One interesting question is whether GATO is better at numerical reasoning than GPT-3/Dalle-2.

GATO-2 might to combined tasks. Give it a prompt in normal language and then let a robot arm execute the prompt. 

One interesting move would be if DeepMind gives GATO out to the whole of Google so that Google programmers can try to use it for a variety of different tasks that Google faces.

I have a hobby of doing and reading personality research. One time recently an alignment researcher asked me whether an AI would soon be able to reach my level in personality research. My answer was no, and I still think it will be no for a new scaled-up GATO.

Do you think there's a metric that could be used whether or not the AI is better or worse than you? If so what would be the metric?

Like as some small-scale measureable thing? No, if we could do that then we could probably also make an AI that was better than me just be optimizing that metric.

Curious if you have some technically legible reason for this.

I've been thinking about this question for a while today, and I've had a hard time coming up with a good concrete answer, even though I feel quite confident in my assertion. My best bet for an answer is that I just haven't seen a technically legible reason that they might be able to do it.

But that's not a very satisfying argument, so I'll try to give an explanation. Naive personality research is super duper easy and I bet you could already set up a system so GPT-3 could do it, as long as you are willing to pay it a bunch of money for participants. A lot of personality research can be done just by word-associations, which GPT-3 is good at.

The trouble comes when you want to do anything deeper. If you want to know how personality actually works, you need to think of many levels at once; how people behave, how that behavior translates into your measurement method, etc.. This is not simply an extrapolation of the word-association game, and I have not seen any AI methods that are likely capable of that yet. The situation is further worsened by the fact that there is a lot of text on the internet that describes naive methods, so it would likely jump on that instead.

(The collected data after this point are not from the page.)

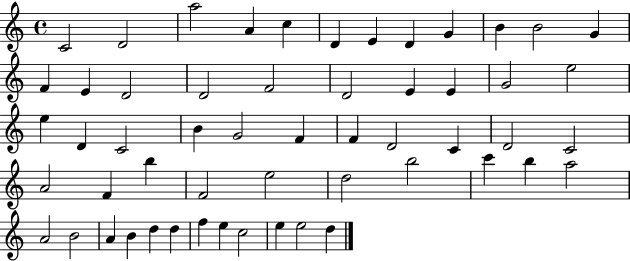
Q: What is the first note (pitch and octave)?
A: C4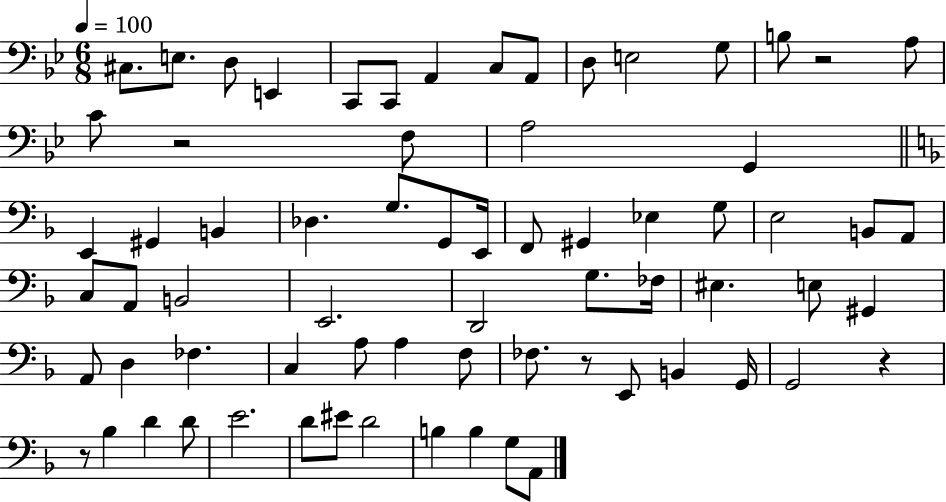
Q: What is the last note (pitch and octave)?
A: A2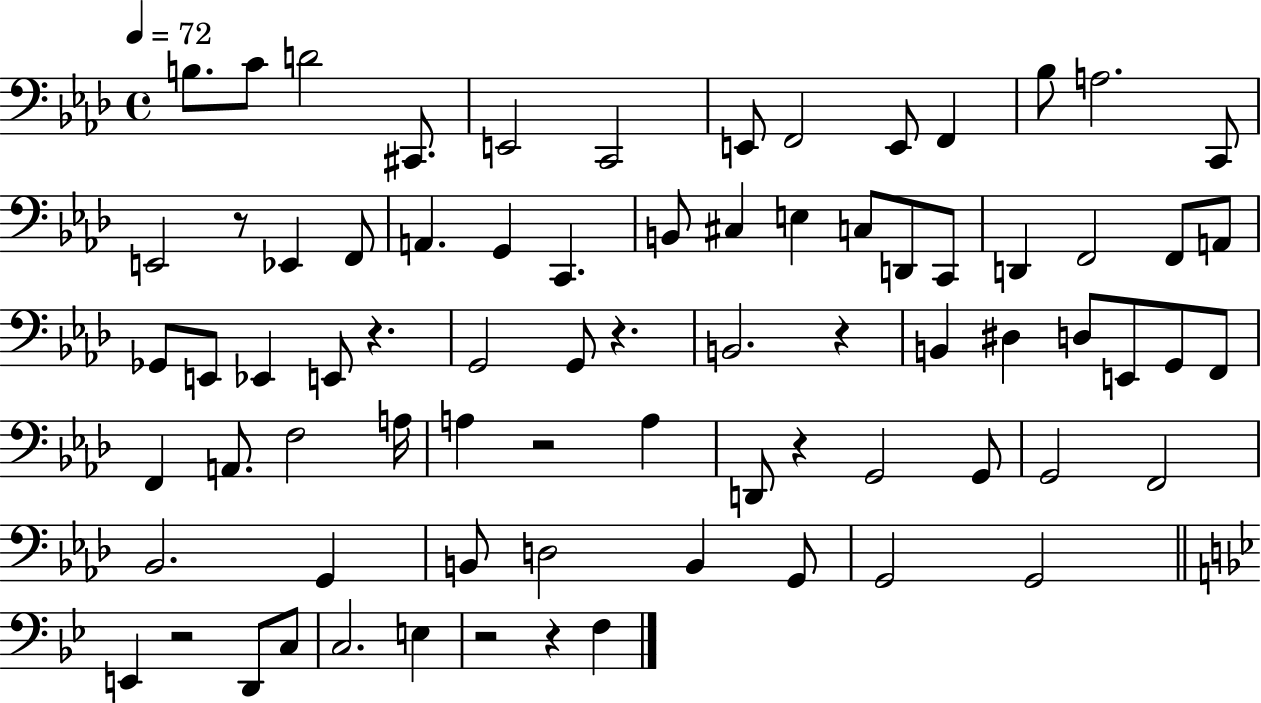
{
  \clef bass
  \time 4/4
  \defaultTimeSignature
  \key aes \major
  \tempo 4 = 72
  b8. c'8 d'2 cis,8. | e,2 c,2 | e,8 f,2 e,8 f,4 | bes8 a2. c,8 | \break e,2 r8 ees,4 f,8 | a,4. g,4 c,4. | b,8 cis4 e4 c8 d,8 c,8 | d,4 f,2 f,8 a,8 | \break ges,8 e,8 ees,4 e,8 r4. | g,2 g,8 r4. | b,2. r4 | b,4 dis4 d8 e,8 g,8 f,8 | \break f,4 a,8. f2 a16 | a4 r2 a4 | d,8 r4 g,2 g,8 | g,2 f,2 | \break bes,2. g,4 | b,8 d2 b,4 g,8 | g,2 g,2 | \bar "||" \break \key bes \major e,4 r2 d,8 c8 | c2. e4 | r2 r4 f4 | \bar "|."
}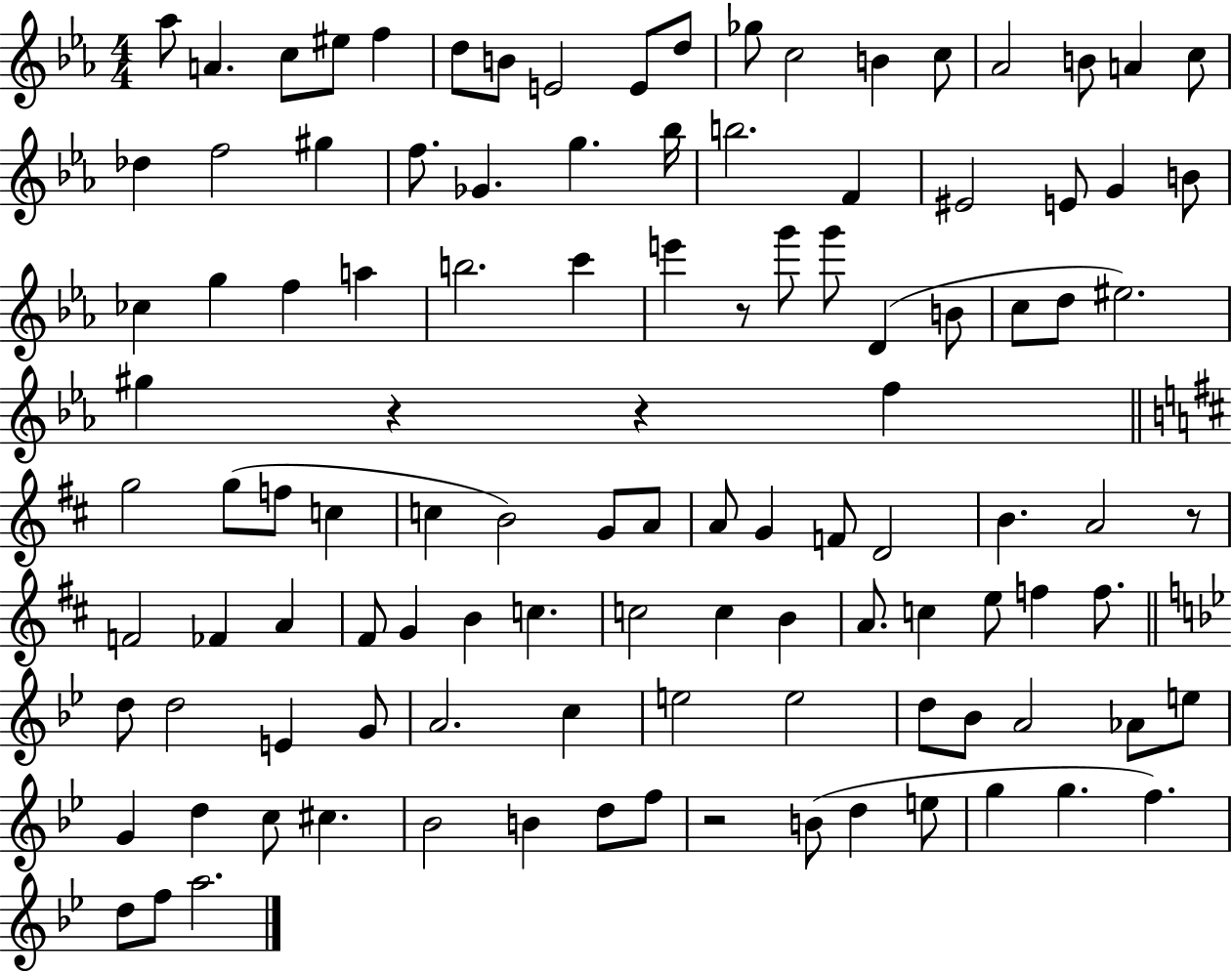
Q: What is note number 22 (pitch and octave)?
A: F5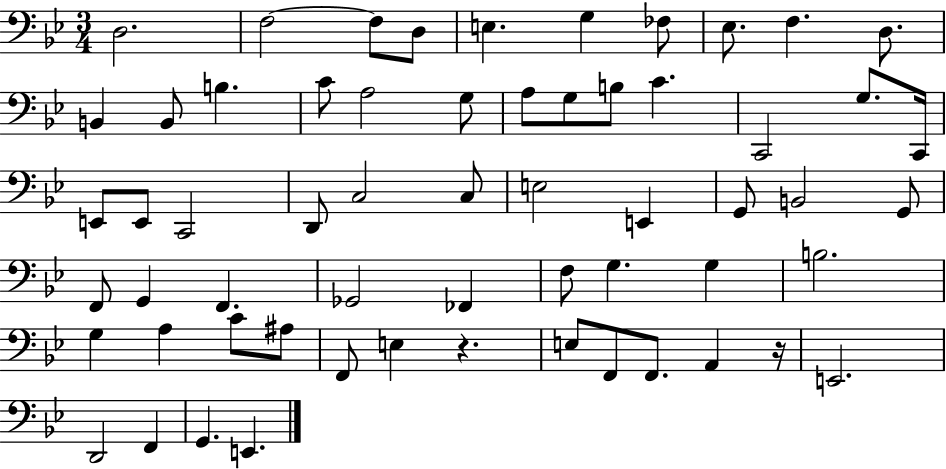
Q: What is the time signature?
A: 3/4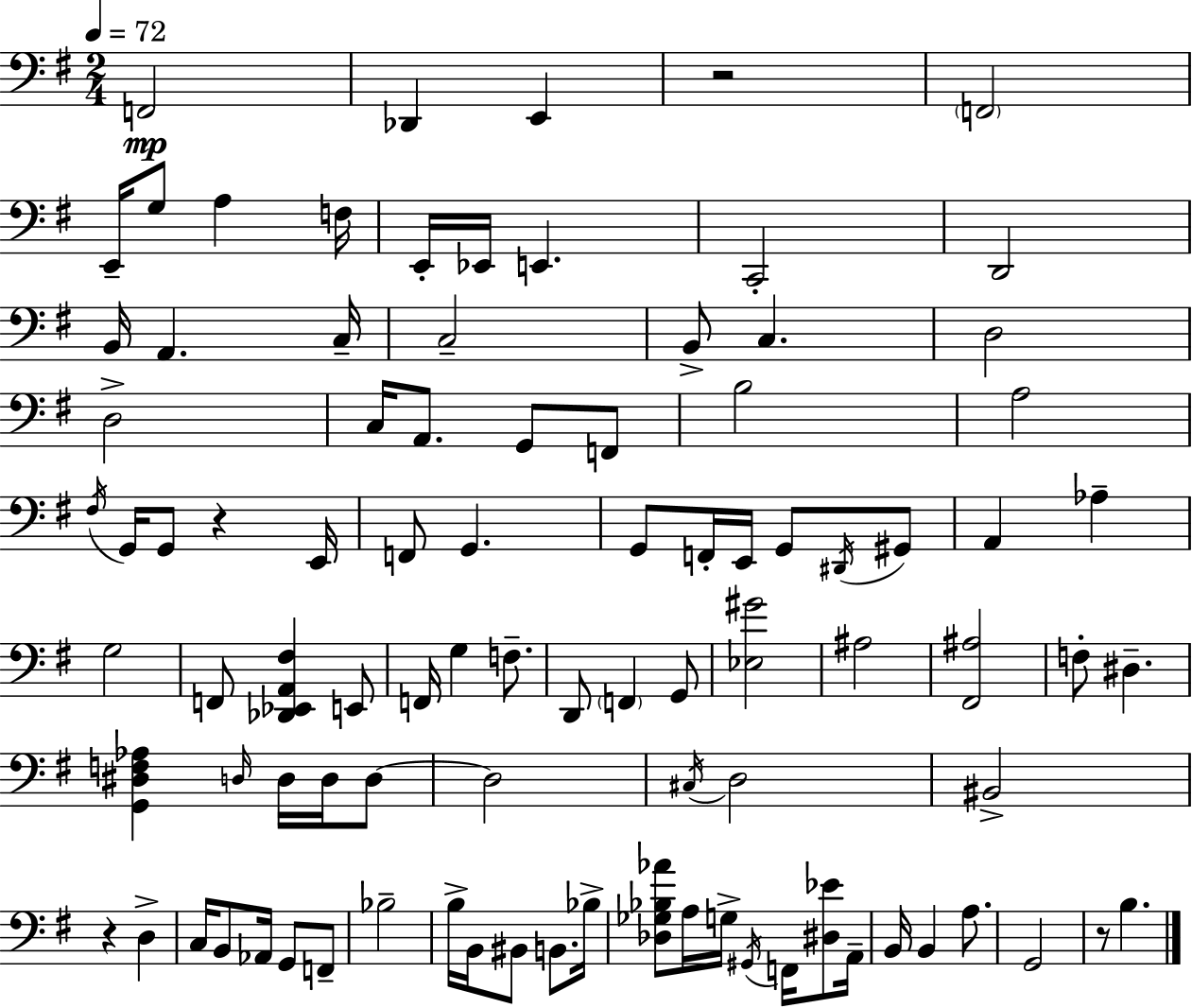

I believe we can now say with a high level of confidence that the scaled up GATO will be Google's Gemini model released in next few months. Does anyone want to add/update their predictions?

My guess is they will make tweaks on the tokenization part. If I was given the task of adding more modalities to a Transformer, I would probably be scretching my head thinking if there was a way to universally tokenize any type of data. But that's an optimistic scenario, I don't expect them to come up with such a solution right now. So I think they will just add new state-of-the-art tokenizers, like ViT-VQGAN for images. Other than that, I am mostly curious if we will be able to more clearly observe transfer learning when increasing the model size. That I think is the most important information that can come from GATO 2, because then we will be more equiped to achieve Chincilla's scaling laws without some potential slowdown. I am betting that we will, as long as tasks are not that far away from each other and we take the time to build good tokenizers.